The task: Omit every picture, then return each line of the data below exactly.

Data below:

# # # # # # #

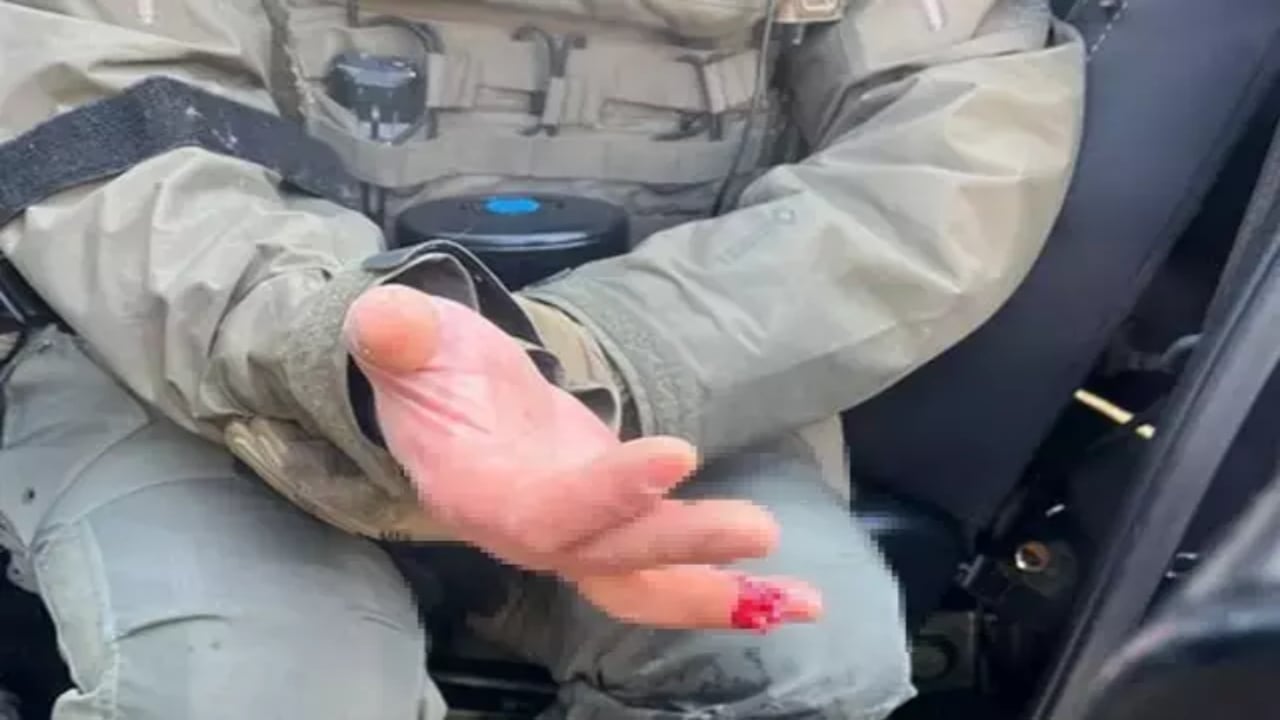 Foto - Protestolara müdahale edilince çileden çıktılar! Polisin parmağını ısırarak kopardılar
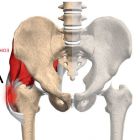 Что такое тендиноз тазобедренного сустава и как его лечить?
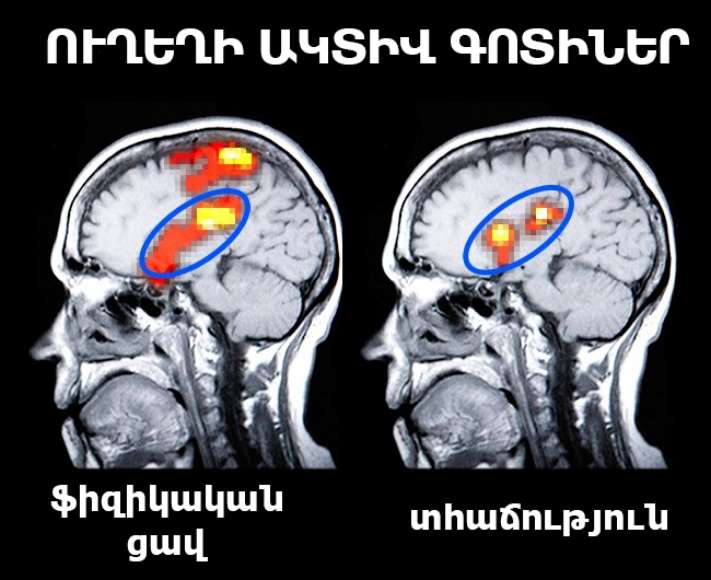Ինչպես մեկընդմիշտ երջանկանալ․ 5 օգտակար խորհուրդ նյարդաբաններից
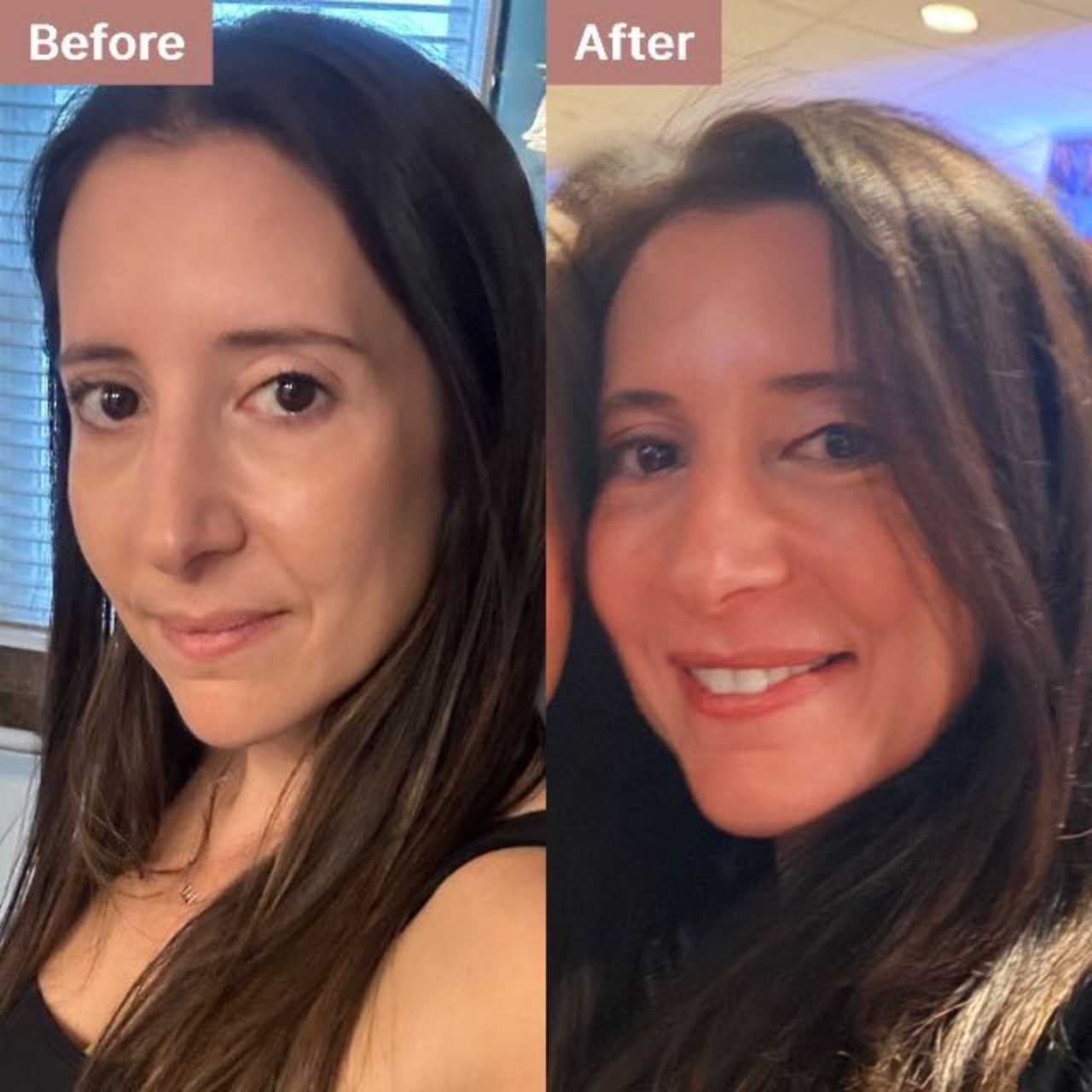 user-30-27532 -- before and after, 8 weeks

# # # # # # #

Written response:
 Foto - Protestolara müdahale edilince çileden çıktılar! Polisin parmağını ısırarak kopardılar
 Что такое тендиноз тазобедренного сустава и как его лечить?
Ինչպես մեկընդմիշտ երջանկանալ․ 5 օգտակար խորհուրդ նյարդաբաններից
 user-30-27532 -- before and after, 8 weeks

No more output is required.